Dec 18, 2024 em Sustentabilidade da mídia
Newsroom studio

Com a indústria jornalística se debatendo com déficit de recursos financeiros, demissões, queda da confiança e tecnologias que se transformam rapidamente, jornalistas — de freelancers a líderes de redação — têm como prioridade a segurança profissional e financeira. 

 

 

De acordo com o relatório State of Journalism, produzido pelo Muck Rack, cerca de um a cada três jornalistas em 2024 expressaram preocupação com a falta de recursos financeiros e de confiança no jornalismo — uma porcentagem similar relatou ter sido demitida ou visto a empresa onde trabalha ser comprada por outra organização. Mais de dois terços afirmaram trabalhar mais de 40 horas por semana, enquanto menos da metade teve renda anual superior a US$ 70.000. Para contextualizar, a renda anual para se viver confortavelmente nas principais cidades dos EUA, onde muitos jornalistas residem, é em torno de US $96.500.

Esses fatores podem levar os jornalistas a altos níveis de estresse e esgotamento. "Eu acho que não é segredo para ninguém que o jornalismo é uma profissão estressante", disse Andrew Mercier, diretor editorial do Muck Rack, em uma sessão recente do Fórum de Reportagem de Crise da IJNet. "Em uma escala de um a dez, a maioria dos jornalistas [na pesquisa State of Journalism] se autoclassificaram no nível 7 em termos de estresse no trabalho."

Mercier teve a companhia de Samanta do Carmo, gerente executiva da Ajor, para discutir como jornalistas podem ficar bem e prosperarem em um ambiente profissional cada vez mais incerto. A seguir estão os conselhos deles:


Como trabalhar sob momentos incertos de transição

Com as redações passando por mudanças estruturais ou de equipe, jornalistas muitas vezes podem sentir que suas carreiras estão em um terreno instável. Do Carmo, cujo trabalho envolve apoiar gestores de redação de nível médio, enfatizou a necessidade de editores e gestores priorizarem a transparência quando os repórteres passam por momentos de incerteza.  

Ela observa que, no Brasil, líderes de redações, na maioria das vezes, se veem esgotados pelas condições da profissão e pelas flutuações financeiras, e podem ter dificuldade para fazer um planejamento de longo prazo. "Nossa cultura tem essa coisa muito importante de ser espontâneo, então aqui no Brasil é difícil para os líderes valorizar a estratégia", disse. 

Enquanto isso, incertezas cotidianas podem ser estressantes para os repórteres que eles comandam, podendo ficar ansiosos não só com as demissões, mas com "os momentos em que [os líderes] não têm estratégia, não têm decisão".
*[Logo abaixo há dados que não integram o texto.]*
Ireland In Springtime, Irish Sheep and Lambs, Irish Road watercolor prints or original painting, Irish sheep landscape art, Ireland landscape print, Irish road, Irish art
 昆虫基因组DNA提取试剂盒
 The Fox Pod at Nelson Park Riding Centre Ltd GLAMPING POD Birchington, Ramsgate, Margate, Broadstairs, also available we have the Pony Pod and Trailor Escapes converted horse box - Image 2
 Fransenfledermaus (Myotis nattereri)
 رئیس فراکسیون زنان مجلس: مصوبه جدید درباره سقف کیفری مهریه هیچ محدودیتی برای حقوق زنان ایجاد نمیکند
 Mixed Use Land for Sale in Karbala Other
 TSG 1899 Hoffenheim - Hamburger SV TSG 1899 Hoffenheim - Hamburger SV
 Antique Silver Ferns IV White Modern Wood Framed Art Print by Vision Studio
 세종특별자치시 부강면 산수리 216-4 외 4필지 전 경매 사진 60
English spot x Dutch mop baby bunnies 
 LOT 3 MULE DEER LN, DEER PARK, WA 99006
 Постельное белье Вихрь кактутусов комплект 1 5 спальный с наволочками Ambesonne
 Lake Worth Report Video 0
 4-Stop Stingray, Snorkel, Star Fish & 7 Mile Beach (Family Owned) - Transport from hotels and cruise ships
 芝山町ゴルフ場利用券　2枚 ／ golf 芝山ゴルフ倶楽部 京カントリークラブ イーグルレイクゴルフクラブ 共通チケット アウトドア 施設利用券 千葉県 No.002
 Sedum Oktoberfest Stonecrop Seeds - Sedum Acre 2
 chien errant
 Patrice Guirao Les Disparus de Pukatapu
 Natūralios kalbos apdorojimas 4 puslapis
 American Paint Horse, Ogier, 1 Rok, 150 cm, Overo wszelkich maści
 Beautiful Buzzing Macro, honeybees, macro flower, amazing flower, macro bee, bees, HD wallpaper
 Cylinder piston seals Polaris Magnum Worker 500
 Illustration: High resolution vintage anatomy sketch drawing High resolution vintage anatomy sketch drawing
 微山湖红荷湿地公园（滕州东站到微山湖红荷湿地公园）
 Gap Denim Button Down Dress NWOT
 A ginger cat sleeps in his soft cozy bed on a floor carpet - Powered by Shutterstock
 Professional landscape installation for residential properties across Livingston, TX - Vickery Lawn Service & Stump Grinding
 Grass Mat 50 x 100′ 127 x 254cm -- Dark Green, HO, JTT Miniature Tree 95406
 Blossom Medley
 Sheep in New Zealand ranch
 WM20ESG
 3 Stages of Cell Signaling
"É importante pensar sobre como uma liderança ruim em condições emocionais ruins às vezes pode comprometer toda a sustentabilidade de uma organização", disse do Carmo. 

Líderes de redações devem reconhecer o estresse ao qual seus funcionários estão submetidos — principalmente se eles estiverem lidando com demissões, sugeriu do Carmo, acrescentando que o diálogo aberto pode ajudar os repórteres a gerenciar os impactos emocionais e operacionais da demissão de colegas de trabalho.

Ela também recomendou que os líderes de redações motivem seus funcionários por meio de pequenos experimentos e pensamento centrado na audiência, em vez de contar com grandes projetos ou investigações cujo progresso pode ser mais gradual. Ao abraçar pequenos projetos — e assegurar pequenas vitórias — jornalistas podem inovar e se adaptar ao mesmo tempo em que mantêm seu dever com as necessidades da audiência. "Qual tipo de serviço, em um artigo por exemplo, sua audiência precisa nesta semana?", instigou do Carmo.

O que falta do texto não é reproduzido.